## EXCERPTED DATA
━━━━━━━━━━━━━━━━

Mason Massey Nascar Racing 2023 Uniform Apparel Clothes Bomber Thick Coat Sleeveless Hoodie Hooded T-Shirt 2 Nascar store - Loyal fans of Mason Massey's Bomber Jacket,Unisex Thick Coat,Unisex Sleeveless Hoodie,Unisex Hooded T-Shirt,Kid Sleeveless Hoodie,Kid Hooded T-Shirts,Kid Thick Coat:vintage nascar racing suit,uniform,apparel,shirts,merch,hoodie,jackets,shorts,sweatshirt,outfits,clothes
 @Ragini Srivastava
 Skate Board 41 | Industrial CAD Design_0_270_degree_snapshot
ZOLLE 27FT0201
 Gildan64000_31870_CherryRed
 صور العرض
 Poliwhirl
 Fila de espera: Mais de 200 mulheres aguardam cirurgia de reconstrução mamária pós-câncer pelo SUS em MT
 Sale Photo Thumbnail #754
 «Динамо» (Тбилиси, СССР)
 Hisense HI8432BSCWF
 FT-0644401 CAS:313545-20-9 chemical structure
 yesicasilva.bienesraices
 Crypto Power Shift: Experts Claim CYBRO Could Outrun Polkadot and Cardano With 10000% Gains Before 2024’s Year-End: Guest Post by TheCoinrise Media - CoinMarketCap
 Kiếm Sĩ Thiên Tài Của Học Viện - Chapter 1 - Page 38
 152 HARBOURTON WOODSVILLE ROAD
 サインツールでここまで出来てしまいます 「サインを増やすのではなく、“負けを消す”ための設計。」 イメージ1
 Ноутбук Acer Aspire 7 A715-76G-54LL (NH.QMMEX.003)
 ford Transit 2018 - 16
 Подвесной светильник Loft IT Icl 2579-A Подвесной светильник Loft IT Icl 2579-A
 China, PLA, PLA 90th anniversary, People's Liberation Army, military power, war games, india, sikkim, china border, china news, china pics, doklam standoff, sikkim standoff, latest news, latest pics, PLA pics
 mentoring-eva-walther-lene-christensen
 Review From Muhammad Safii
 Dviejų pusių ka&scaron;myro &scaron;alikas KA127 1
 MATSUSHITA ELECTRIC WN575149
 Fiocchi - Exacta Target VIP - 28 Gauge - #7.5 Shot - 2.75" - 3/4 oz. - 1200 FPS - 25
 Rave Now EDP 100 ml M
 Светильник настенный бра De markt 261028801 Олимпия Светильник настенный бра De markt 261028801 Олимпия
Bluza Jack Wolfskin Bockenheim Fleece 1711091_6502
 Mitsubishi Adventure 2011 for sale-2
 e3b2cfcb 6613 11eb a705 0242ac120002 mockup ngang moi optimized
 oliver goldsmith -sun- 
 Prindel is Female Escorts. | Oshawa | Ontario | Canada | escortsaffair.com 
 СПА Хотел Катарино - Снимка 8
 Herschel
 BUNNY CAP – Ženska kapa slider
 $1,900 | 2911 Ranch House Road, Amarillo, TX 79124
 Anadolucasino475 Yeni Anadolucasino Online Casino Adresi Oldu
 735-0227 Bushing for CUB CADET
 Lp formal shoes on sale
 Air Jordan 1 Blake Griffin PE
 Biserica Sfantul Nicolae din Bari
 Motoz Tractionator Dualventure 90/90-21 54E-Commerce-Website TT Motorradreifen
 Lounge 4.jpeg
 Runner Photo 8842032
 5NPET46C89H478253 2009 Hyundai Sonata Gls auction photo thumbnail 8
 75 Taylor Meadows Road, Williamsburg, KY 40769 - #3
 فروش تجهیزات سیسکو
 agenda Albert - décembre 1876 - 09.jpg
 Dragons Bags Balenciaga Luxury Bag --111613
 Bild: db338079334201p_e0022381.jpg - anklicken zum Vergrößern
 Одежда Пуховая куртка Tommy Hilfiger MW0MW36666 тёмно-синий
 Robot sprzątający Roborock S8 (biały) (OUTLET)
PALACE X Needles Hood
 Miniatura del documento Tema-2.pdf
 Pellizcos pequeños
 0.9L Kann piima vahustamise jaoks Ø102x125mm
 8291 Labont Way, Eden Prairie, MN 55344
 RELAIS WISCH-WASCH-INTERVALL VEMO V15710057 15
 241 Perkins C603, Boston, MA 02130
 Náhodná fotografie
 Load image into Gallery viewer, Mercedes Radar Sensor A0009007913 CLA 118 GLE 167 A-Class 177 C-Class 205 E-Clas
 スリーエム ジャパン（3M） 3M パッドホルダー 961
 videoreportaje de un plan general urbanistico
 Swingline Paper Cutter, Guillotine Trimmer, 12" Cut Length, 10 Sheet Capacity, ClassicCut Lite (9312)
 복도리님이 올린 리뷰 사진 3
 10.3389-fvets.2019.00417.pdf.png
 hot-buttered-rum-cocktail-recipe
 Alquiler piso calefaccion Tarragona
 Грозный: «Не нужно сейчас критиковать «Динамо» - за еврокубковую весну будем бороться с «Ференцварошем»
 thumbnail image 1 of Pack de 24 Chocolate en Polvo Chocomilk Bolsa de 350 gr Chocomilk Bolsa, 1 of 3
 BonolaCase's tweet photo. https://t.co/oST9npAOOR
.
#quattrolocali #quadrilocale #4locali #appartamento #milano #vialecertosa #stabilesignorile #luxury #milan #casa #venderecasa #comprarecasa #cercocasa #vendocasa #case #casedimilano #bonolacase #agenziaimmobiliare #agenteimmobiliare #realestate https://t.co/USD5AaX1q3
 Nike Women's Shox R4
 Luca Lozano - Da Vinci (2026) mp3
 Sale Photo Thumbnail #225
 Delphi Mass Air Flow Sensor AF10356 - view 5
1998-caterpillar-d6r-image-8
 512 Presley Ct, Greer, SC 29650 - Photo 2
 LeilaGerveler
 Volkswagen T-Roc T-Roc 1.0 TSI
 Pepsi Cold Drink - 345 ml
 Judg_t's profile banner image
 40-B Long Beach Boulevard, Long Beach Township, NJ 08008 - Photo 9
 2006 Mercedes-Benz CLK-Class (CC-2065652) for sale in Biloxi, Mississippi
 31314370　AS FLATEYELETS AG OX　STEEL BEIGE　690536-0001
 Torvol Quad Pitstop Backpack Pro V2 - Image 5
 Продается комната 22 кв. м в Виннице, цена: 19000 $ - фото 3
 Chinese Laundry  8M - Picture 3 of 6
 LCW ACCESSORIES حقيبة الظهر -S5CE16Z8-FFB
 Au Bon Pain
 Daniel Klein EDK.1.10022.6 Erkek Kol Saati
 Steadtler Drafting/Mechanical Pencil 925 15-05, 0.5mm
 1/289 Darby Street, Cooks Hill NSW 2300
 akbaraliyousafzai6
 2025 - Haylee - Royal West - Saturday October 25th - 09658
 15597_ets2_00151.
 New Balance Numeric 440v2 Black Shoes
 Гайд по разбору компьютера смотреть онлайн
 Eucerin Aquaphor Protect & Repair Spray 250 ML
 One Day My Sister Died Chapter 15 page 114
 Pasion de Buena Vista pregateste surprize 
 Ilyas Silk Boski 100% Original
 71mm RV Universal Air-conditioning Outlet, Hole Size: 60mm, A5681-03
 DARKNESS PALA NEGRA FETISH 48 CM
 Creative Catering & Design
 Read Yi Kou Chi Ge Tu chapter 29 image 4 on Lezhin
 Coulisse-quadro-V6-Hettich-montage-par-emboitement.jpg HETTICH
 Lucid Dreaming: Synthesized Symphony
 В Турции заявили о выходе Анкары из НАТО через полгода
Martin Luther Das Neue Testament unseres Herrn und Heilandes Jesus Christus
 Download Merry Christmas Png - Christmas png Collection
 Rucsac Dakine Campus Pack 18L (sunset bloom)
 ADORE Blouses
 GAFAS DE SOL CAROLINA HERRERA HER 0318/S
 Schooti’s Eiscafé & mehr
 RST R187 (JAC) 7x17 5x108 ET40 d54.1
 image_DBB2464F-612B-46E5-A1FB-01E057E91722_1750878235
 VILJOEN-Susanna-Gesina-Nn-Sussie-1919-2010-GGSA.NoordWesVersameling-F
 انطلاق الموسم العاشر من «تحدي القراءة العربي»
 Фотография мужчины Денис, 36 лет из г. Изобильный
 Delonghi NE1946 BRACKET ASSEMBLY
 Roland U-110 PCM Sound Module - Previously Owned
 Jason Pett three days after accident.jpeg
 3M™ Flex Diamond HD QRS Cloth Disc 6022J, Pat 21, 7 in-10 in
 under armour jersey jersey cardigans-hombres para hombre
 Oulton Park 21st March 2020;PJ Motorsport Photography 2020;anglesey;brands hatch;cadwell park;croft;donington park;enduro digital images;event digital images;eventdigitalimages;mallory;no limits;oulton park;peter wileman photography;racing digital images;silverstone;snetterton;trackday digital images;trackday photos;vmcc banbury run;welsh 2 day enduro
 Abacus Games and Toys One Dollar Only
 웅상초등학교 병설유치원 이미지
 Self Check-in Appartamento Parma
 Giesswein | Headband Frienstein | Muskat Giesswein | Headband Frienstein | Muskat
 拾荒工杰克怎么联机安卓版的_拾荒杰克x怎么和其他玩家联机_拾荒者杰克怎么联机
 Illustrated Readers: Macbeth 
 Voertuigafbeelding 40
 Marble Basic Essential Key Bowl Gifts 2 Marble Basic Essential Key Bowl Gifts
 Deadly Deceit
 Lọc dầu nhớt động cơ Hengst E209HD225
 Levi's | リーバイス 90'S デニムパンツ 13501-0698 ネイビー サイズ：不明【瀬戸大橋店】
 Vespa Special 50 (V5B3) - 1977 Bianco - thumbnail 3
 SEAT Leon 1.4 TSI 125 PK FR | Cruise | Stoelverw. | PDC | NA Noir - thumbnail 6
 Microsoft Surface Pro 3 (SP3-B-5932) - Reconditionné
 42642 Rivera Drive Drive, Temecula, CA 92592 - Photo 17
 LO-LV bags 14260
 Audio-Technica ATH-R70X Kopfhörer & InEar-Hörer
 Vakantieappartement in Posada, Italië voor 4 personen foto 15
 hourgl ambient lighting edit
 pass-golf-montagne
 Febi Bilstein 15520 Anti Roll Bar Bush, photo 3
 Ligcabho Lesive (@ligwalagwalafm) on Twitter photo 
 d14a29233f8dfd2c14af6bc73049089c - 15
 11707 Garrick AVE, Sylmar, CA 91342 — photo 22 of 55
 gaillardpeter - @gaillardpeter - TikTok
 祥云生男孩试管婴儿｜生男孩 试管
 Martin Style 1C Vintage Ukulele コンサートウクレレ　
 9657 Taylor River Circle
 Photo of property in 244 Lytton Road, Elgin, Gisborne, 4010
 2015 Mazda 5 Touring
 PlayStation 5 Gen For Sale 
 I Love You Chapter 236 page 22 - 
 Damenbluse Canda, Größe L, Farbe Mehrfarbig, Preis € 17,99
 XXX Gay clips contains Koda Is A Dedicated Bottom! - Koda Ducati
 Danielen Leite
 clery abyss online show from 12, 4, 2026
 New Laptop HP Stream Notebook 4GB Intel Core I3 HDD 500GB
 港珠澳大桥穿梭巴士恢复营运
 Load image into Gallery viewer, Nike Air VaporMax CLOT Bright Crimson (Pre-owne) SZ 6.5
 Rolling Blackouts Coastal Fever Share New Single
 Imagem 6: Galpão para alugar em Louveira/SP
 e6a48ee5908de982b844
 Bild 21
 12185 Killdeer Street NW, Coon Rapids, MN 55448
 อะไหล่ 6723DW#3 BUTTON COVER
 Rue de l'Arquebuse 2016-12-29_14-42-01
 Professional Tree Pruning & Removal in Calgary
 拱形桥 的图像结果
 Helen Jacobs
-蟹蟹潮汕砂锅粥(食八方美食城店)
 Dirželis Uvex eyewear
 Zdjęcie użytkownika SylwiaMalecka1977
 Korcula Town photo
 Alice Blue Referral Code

━━━━━━━━━━━━━━━━

## EXERCISE
Go through the listing, find each line with the word "Nike", and copy it.

## ANSWER FOR THIS EXERCISE
 Nike Women's Shox R4
 Load image into Gallery viewer, Nike Air VaporMax CLOT Bright Crimson (Pre-owne) SZ 6.5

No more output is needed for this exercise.